----- Dataset excerpt
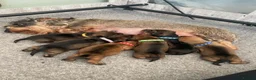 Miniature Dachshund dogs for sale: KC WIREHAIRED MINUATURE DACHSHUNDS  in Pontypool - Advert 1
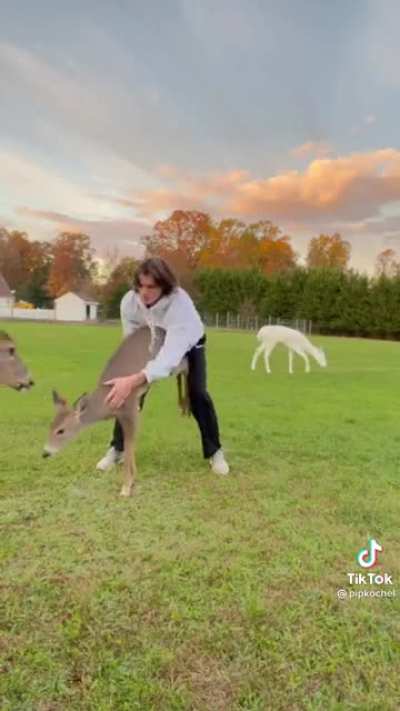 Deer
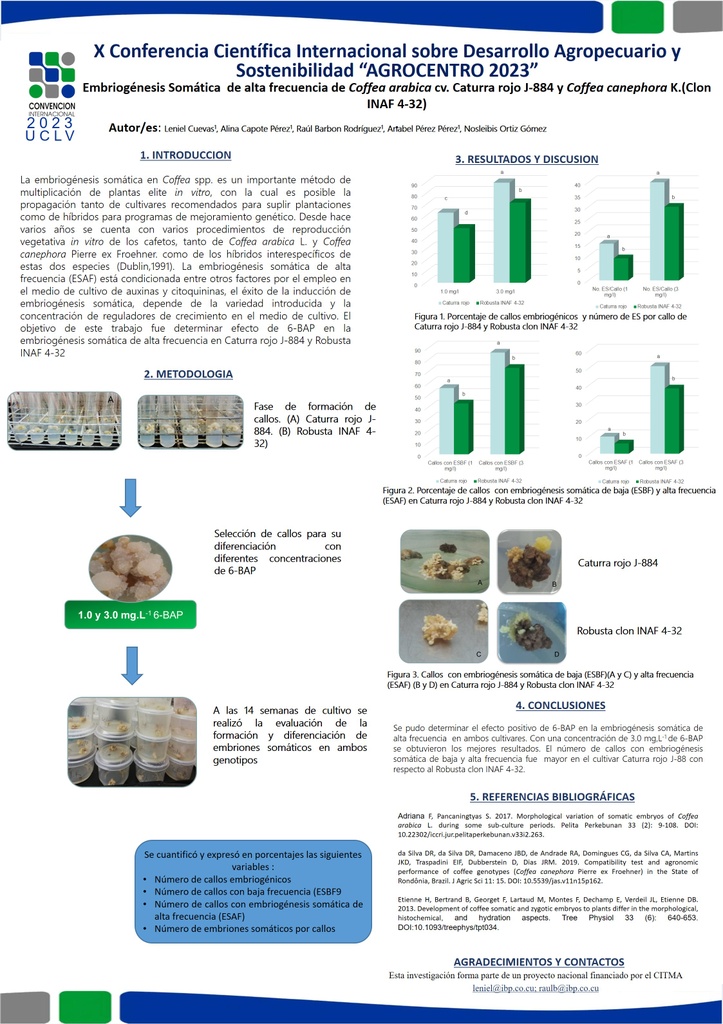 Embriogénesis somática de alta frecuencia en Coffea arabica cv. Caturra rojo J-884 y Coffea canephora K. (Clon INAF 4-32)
----------
**Exercise brief:**
Only the words belong in your copy: restate the data above exactly and leave the images out.

**Exercise result:**
 Miniature Dachshund dogs for sale: KC WIREHAIRED MINUATURE DACHSHUNDS  in Pontypool - Advert 1
 Deer
 Embriogénesis somática de alta frecuencia en Coffea arabica cv. Caturra rojo J-884 y Coffea canephora K. (Clon INAF 4-32)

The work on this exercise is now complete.